Rep. George Miller (D-CA) and 93 co-sponsors introduced the Lilly Ledbetter Fair Pay Act last month to restore anti-discrimination protection for workers after the Supreme Court’s May decision in Ledbetter v. Goodyear Tire and Rubber Co. undermined the intent of Title VII of the 1964 Civil Rights Act.
The Court ruled that Lilly Ledbetter, a 19-year career employee of Goodyear who was systematically discriminated against, was ineligible for compensation because she had not filed suit within 180 days of the actual decision to discriminate against her. This was a distortion of the intent of Congress when it passed the Civil Rights Act of 1964 and a contradiction of 33 years of precedent and practice.
In his continued ideological assault on workers’ and civil rights, President Bush has threatened to veto the bipartisan Lilly Ledbetter Fair Pay Act if passed into law. The president’s statement of explanation of his threat brazenly misrepresents the bill.
President Bush said in his statement:
…H.R. 2831 purports to undo the Supreme Court’s decision of May 29, 2007, in Ledbetter v. Goodyear Tire & Rubber Co. by permitting pay discrimination claims to be brought within 180 days not of a discriminatory pay decision, which is the rule under current law, but rather within 180 days of receiving any paycheck affected by such a decision, no matter how far in the past the underlying act of discrimination allegedly occurred. As a result, this legislation effectively eliminates any time requirement for filing a claim involving compensation discrimination. Allegations from thirty years ago or more could be resurrected and filed in federal courts.
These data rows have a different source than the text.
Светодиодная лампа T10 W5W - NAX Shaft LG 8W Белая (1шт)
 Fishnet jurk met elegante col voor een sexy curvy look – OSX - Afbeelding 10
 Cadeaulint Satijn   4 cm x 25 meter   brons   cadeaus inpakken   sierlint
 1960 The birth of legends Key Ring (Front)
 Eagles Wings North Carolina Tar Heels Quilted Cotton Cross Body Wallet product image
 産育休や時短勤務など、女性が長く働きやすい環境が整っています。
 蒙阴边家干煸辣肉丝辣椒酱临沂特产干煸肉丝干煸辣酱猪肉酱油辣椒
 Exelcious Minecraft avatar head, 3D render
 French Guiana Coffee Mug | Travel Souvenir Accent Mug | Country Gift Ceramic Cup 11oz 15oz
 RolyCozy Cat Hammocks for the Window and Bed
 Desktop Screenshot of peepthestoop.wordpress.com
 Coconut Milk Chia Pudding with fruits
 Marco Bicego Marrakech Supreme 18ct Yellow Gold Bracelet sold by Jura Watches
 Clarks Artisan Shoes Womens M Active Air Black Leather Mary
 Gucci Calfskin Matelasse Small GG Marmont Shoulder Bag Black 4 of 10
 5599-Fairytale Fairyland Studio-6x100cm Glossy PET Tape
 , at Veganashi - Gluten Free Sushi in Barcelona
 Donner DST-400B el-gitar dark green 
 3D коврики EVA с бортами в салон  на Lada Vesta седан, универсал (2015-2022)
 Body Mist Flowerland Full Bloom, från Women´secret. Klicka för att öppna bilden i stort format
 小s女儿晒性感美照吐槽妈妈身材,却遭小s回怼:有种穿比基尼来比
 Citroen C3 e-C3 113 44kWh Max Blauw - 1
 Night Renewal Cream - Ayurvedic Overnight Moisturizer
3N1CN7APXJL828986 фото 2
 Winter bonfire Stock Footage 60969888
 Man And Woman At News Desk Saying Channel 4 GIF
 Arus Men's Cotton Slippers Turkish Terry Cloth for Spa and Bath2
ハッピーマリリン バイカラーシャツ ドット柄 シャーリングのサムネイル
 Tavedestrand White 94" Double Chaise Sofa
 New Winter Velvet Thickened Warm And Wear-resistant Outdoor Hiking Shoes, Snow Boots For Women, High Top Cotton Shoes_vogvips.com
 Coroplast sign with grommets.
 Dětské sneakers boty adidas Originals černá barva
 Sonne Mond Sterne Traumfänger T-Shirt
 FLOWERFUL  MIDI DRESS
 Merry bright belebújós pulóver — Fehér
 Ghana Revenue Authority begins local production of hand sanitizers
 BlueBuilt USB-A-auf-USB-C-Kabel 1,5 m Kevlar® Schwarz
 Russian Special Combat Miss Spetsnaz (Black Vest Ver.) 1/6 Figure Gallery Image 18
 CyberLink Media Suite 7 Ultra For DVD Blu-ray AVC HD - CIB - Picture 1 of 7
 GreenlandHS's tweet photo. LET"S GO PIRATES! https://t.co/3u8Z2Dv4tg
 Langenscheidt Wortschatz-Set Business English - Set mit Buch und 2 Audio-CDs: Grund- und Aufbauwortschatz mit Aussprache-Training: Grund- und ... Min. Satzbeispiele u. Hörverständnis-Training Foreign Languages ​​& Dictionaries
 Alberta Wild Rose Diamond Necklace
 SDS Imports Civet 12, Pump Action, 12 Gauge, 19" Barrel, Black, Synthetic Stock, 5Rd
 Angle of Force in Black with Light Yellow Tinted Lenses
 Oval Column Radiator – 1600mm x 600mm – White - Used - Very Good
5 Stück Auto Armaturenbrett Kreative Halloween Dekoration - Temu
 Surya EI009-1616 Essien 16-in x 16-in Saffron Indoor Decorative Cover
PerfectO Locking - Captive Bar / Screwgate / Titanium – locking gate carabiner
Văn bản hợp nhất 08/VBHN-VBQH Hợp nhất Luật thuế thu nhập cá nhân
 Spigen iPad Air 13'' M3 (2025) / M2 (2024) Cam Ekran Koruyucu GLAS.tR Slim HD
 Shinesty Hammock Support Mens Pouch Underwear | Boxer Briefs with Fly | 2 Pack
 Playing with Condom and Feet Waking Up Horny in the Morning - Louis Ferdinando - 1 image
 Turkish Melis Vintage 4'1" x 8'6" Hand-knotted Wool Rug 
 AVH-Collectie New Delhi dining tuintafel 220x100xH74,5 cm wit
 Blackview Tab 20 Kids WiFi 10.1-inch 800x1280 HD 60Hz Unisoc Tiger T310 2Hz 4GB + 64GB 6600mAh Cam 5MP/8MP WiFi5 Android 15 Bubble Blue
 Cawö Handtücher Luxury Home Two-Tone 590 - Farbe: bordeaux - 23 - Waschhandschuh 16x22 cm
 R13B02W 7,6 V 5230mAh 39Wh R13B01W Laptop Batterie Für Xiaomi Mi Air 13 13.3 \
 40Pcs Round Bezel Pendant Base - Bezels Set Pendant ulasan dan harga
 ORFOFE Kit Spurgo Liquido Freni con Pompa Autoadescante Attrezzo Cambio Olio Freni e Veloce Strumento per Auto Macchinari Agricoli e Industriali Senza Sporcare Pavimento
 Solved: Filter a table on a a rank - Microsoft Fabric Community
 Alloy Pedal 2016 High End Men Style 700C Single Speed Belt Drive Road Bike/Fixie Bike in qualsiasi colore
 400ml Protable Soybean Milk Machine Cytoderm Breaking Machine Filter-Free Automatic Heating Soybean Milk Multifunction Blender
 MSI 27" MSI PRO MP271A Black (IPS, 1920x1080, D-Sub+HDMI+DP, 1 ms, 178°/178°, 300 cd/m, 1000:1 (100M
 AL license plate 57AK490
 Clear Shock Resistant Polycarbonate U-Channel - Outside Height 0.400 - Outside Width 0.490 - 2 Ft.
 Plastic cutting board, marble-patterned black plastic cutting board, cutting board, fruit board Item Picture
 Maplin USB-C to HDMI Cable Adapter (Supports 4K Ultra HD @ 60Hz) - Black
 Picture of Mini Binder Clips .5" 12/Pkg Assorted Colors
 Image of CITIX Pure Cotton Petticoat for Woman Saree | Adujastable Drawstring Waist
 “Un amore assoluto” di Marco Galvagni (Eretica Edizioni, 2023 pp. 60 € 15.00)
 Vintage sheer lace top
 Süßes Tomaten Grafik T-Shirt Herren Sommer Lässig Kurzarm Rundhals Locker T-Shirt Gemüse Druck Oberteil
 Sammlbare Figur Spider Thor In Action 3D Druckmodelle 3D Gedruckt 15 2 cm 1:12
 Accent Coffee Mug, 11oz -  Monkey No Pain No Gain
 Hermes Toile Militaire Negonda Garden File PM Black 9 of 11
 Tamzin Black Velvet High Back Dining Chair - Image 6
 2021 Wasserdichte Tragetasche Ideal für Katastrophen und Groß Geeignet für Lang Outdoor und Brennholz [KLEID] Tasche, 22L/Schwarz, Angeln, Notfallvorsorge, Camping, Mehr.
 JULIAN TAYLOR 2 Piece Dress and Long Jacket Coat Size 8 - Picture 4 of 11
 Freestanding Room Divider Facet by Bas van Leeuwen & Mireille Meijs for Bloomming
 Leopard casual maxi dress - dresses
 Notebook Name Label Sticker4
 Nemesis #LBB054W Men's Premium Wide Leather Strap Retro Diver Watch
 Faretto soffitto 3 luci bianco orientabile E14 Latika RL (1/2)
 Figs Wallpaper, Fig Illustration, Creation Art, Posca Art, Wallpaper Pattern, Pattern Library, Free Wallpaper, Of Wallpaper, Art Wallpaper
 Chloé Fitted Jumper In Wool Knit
President Bush’s representation of the bill is wholly misleading. The Lilly Ledbetter Fair Pay Act is intended to close an apparent loophole that, until this recent Supreme Court decision, had never been used in the 33-year history of Title VII of the Civil Rights Act of 1964. The new bill would simply and explicitly state that an employee alleging discrimination may file a grievance within 180 days of the issuance of a paycheck that is impacted in part or in full by a previous decision to discriminate.
A veto of the Lilly Ledbetter Fair Pay Act would signal support for a broken labor market that is more and more unfriendly to working families, minorities, and particularly women. Wielding the veto pen on this law would be a written endorsement of employment practices that have perpetuated a wage gap whereby a woman earns just 77 cents for every dollar a man earns.